Thursday, August 8, 2013

George and Lloyd Harting, and John Heach?

 As we mentioned in the last post,  Little Falls was home to George and Lloyd Harting, sons of a  furniture dealer there, Harting and Sons.  George was born in 1877, and Lloyd in 1901, so together they covered a lot of artistic canvas, you might say (DAMN, I'm funny).

But WHY are we fixated on them here on HH? 
Well, partly because they were written up in the Little Falls Herald and Transcript in those years and we can't RESIST any possible connections--to wit, another article from 1906 involving our old friend John Heach*. 

  But first, there was this article in the Herald--George (the elder bro) illustrated a couple pages for "Browning's Magazine", but all I could find was Browning's Industrial Magazine.  I flipped page by page thru October, 1906, and there were no poems or interpretive drawings, just schematics and diagrams of machines.  Sigh!   If the right magazine is ever digitized, we'll add the drawings here for sure.  Don't hold your breath.

*In the meantime, LOOK at the mystery we discovered:

"The old picture drawn by a few of our local artists, of John Heach, when he defeated a LaFond mob in Bares saloon on September 28, 1900, is again on exhibition in one of our lower town [Pierz] saloons.
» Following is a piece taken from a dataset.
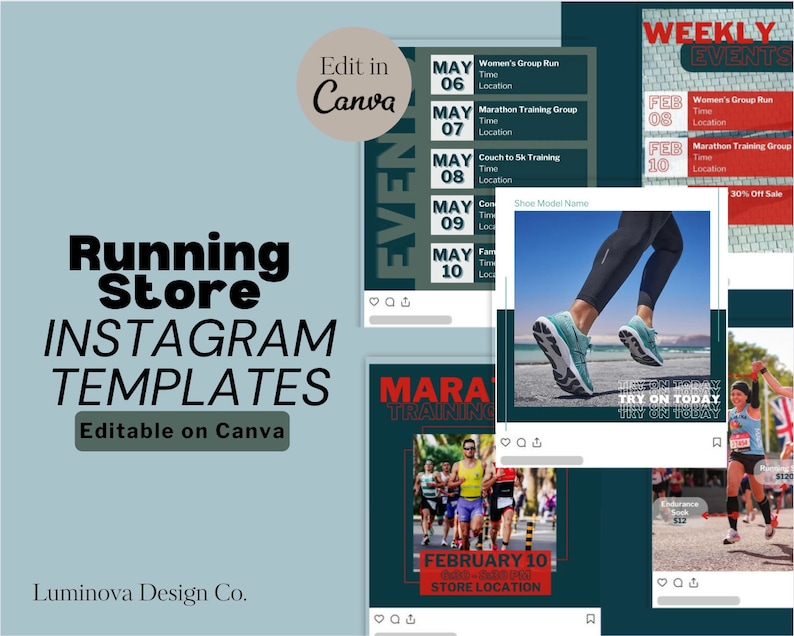 K&ouml;nnte beinhalten: Vier Instagram-Post-Vorlagen f&uuml;r ein Laufgesch&auml;ft. Die Vorlagen haben ein gr&uuml;n-schwarzes Farbschema mit wei&szlig;em Text. Der Text enth&auml;lt "W&ouml;chentliche Events", "Marathon-Training", "Heute anprobieren" und "Ausdauer 32 &euro;".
The picture was drawn right after the battle and beautifully framed and placed in Bares saloon at that time.  Later it was placed in the American House [hotel] in Little Falls for about two years, after which it was again taken back to Pierz.  Mr Heach thinks a great deal of the picture and will not allow the saloonkeeper to dispose of it for any money."
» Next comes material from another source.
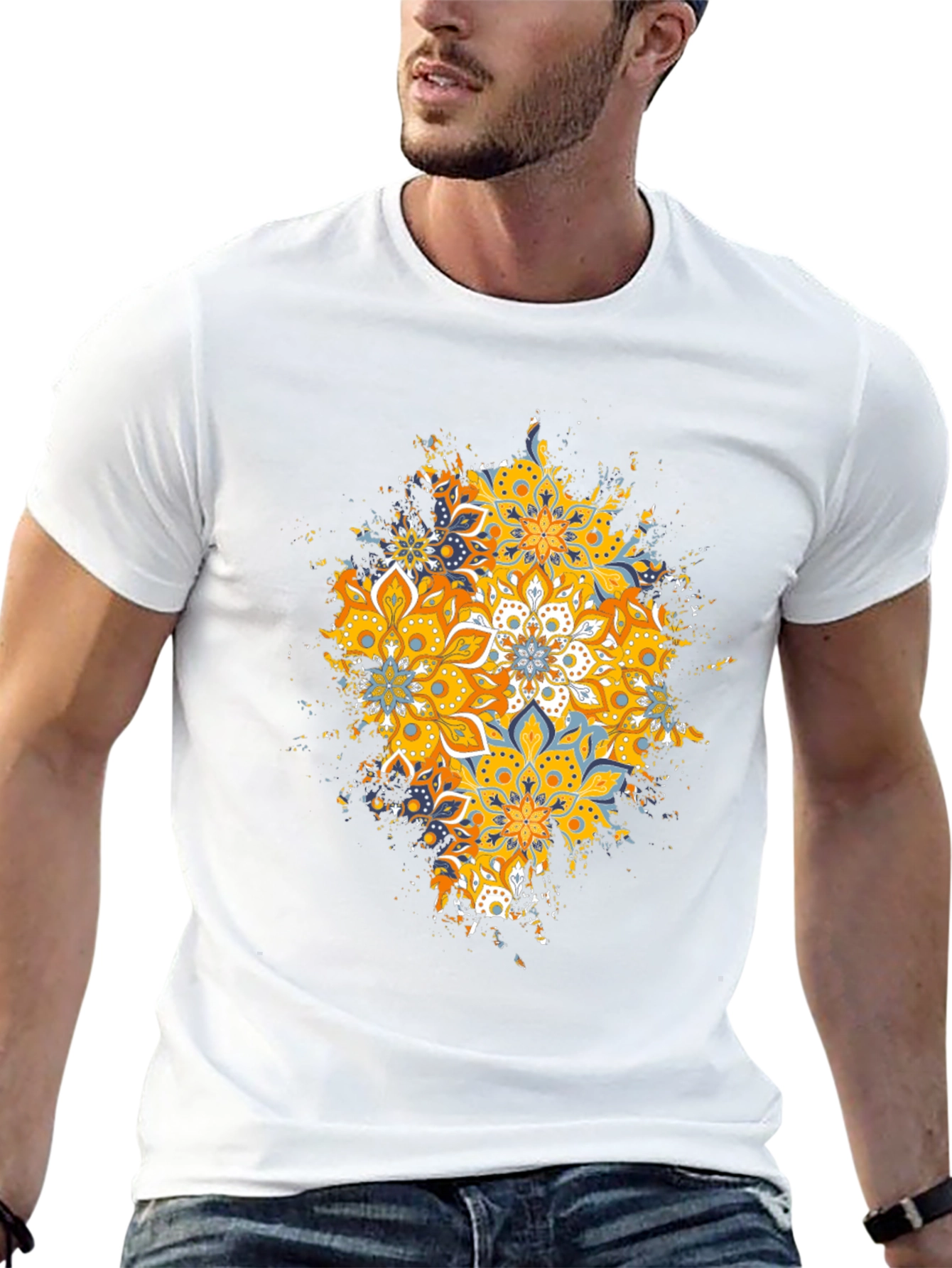 Mandala Splash Graphic Tee - Black Cotton T-Shirt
Yes, I can hear you thinking  "fer dumb"...but isn't it kind of mystically providential that we discovered unknown (to us) artists in LF and then a mention of John Heach and a drawing of him that could still be around? Ok, ok, that's a real long shot, but wouldn't it be COOL if it was rolled up or among other pictures at the Weyerhaeuser, or in someone's attic or (horrors!) at a Pierz garage sale?  It's possible, IF it's still around, that the owner has no idea what it depicts.  We already have the staff at the Morrison County Historical Society alerted, and they're looking....cross your fingers, ok?
We'll post their answer and anything else we hear about it ☺, promise.